MoA.3: Electron Configuration and Orbital Diagrams

• Maximum Number of Electrons in Sublevels:
  • s sublevel: 2 electrons
  • p sublevel: 6 electrons
  • d sublevel: 10 electrons
  • f sublevel: 14 electrons
• Maximum Number of Electrons in Energy Levels:
  • Energy level $n$ can hold $2n^2$ electrons.
  • For example, the 5th energy level can hold $2(5^2) = 50$ electrons; however, only 32 electrons are typically accommodated due to sublevel restrictions.
• Number of Orbitals in Sublevels:
  • s sublevel: 1 orbital
  • p sublevel: 3 orbitals
  • d sublevel: 5 orbitals
  • f sublevel: 7 orbitals
• Comparing Energy of Sublevels:
  • Use the Aufbau principle and the $n + l$ rule to determine the order in which electrons fill sublevels.
  • Electrons first fill the orbitals with the lowest energy.
  • If two sublevels have the same $n + l$ value, the sublevel with the lower $n$ value is filled first.
• Orbital Diagrams:
  • Use boxes to represent orbitals and arrows to represent electrons.
  • Follow Hund's rule: within a sublevel, electrons are individually placed into each orbital before any orbital is doubly occupied.
• Electron Configurations:
  • Shorthand notation showing the number of electrons in each sublevel.
  • Example: Iodine (I): $1s^22s^22p^63s^23p^64s^23d^{10}4p^65s^24d^{10}5p^5$
  • Valence electrons are those in the highest occupied energy level.
• Electron Configurations of Ions:
  • Anions (negative ions): add electrons to the electron configuration.
    • Example: I-: $1s^22s^22p^63s^23p^64s^23d^{10}4p^65s^24d^{10}5p^6$
  • Cations (positive ions): remove electrons from the electron configuration, starting with the outermost energy level.
    • Example: Ti2+: 1s^22s^22p^63s^23p^64s^23d^2
      \rightarrow 1s^22s^22p^63s^23p^63d^2

MoA.4: Periodic Trends

• Families/Groups:
  • Alkali Metals (Group 1):
    • Ending electron configuration: $ns^1$
    • Ion charge: +1
    • Number of valence electrons: 1
  • Alkaline Earth Metals (Group 2):
    • Ending electron configuration: $ns^2$
    • Ion charge: +2
    • Number of valence electrons: 2
  • Transition Metals (Groups 3-12):
    • Variable oxidation states.
  • Halogens (Group 17):
    • Ending electron configuration: $ns^2np^5$
    • Ion charge: -1
    • Number of valence electrons: 7
  • Noble Gases (Group 18):
    • Ending electron configuration: $ns^2np^6$ (except Helium, which is $1s^2$)
    • Inert (unreactive)
• Atomic Radius:
  • The distance from the nucleus to the outermost electron.
  • Trends:
    • Decreases across a period (left to right) due to increasing nuclear charge (more protons).
    • Increases down a group due to the addition of energy levels.
  • Example: Sodium (Na) vs.

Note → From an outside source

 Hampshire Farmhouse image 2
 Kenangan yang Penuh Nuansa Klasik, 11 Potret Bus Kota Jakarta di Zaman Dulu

Magnesium (Mg):
    • Na has a larger radius because it has fewer protons than Mg, resulting in less attraction between the nucleus and electrons.
• Electronegativity:
  • The ability of an atom to attract electrons in a chemical bond.
  • Trends:
    • Increases across a period (left to right) due to increasing nuclear charge.
    • Decreases down a group due to increasing atomic radius (valence electrons are farther from the nucleus).
  • Example: Carbon (C) vs. Oxygen (O):
    • C has a lower electronegativity because it has fewer protons than O, resulting in less attraction for electrons.
• Ionization Energy:
  • The energy required to remove an electron from an atom.
  • Trends:
    • Increases across a period (left to right) due to increasing nuclear charge and decreasing atomic radius.
    • Decreases down a group due to increasing atomic radius (valence electrons are farther from the nucleus).
  • Example: Chlorine (Cl) vs. Bromine (Br):
    • Cl has a larger first ionization energy because its valence electrons are closer to the nucleus than Br's valence electrons.
      *Ranking Example: Ionization Energy:
  • Boron (B), Carbon (C), Nitrogen (N): N > C > B (highest to lowest)
    *Ranking Example: Atomic Radius:
  • Boron (B), Aluminum (Al), Gallium (Ga): B < Al < Ga (lowest to highest)